# AIM OF THE TASK:
Give back exactly the lines of the entries below from the line with "Funny Streetwear Cats" to the line with "Artificial Bougainvillea Tree", inclusive, and only those.

-------- WORKING DATA --------

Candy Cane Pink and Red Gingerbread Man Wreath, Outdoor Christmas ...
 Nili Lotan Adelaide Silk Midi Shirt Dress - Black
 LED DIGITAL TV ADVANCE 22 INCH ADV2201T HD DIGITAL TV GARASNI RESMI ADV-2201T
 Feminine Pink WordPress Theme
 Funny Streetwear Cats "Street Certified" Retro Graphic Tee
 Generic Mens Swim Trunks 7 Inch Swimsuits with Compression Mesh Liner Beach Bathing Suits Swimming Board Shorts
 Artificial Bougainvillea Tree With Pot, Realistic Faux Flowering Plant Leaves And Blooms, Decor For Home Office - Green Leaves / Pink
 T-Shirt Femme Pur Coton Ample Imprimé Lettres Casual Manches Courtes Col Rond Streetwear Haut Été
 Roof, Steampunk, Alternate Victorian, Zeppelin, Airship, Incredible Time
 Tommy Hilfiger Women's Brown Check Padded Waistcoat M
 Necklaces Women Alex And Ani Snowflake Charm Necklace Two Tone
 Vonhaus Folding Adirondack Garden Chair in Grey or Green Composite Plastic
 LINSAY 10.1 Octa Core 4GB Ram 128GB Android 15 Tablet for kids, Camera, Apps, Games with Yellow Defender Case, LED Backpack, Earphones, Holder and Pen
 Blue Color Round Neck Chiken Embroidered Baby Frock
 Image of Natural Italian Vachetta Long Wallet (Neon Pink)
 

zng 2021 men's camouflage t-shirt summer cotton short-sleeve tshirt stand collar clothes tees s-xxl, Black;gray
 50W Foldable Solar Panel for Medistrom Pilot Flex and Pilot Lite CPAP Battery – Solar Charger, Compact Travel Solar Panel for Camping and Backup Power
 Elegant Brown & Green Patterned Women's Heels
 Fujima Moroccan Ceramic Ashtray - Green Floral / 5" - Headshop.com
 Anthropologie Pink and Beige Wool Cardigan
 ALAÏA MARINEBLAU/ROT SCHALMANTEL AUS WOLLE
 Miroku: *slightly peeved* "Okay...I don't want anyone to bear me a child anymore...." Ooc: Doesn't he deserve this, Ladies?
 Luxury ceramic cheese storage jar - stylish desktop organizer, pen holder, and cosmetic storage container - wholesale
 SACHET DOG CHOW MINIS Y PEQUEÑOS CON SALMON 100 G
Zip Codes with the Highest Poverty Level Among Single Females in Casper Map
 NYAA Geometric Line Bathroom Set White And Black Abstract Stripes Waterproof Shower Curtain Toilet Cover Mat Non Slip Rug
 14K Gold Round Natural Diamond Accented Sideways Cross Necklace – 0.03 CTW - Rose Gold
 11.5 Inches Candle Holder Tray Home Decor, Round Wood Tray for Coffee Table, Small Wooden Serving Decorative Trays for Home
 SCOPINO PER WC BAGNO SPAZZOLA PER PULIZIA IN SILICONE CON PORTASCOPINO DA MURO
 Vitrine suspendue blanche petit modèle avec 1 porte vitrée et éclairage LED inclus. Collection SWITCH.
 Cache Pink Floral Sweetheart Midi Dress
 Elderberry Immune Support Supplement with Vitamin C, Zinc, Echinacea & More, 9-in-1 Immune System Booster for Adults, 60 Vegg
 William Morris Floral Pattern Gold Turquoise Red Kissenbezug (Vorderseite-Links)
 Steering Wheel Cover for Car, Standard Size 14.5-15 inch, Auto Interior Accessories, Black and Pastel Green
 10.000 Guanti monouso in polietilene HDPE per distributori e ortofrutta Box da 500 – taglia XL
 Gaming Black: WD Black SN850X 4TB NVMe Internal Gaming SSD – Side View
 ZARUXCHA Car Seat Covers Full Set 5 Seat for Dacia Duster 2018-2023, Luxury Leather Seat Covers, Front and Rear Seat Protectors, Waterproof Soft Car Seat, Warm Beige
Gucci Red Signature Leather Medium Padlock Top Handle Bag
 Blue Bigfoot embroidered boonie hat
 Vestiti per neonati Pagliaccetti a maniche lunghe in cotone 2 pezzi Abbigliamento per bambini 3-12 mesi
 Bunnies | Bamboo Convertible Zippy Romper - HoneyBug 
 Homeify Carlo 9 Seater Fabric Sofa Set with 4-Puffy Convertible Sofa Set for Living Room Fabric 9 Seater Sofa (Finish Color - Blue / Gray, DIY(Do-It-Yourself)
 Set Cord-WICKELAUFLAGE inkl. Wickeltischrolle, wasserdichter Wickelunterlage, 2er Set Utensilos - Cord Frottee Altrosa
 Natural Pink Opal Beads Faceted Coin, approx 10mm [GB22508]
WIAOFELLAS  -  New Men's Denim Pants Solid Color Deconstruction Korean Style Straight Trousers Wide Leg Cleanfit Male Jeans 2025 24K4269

--------

# RESPONSE BELOW:
 Funny Streetwear Cats "Street Certified" Retro Graphic Tee
 Generic Mens Swim Trunks 7 Inch Swimsuits with Compression Mesh Liner Beach Bathing Suits Swimming Board Shorts
 Artificial Bougainvillea Tree With Pot, Realistic Faux Flowering Plant Leaves And Blooms, Decor For Home Office - Green Leaves / Pink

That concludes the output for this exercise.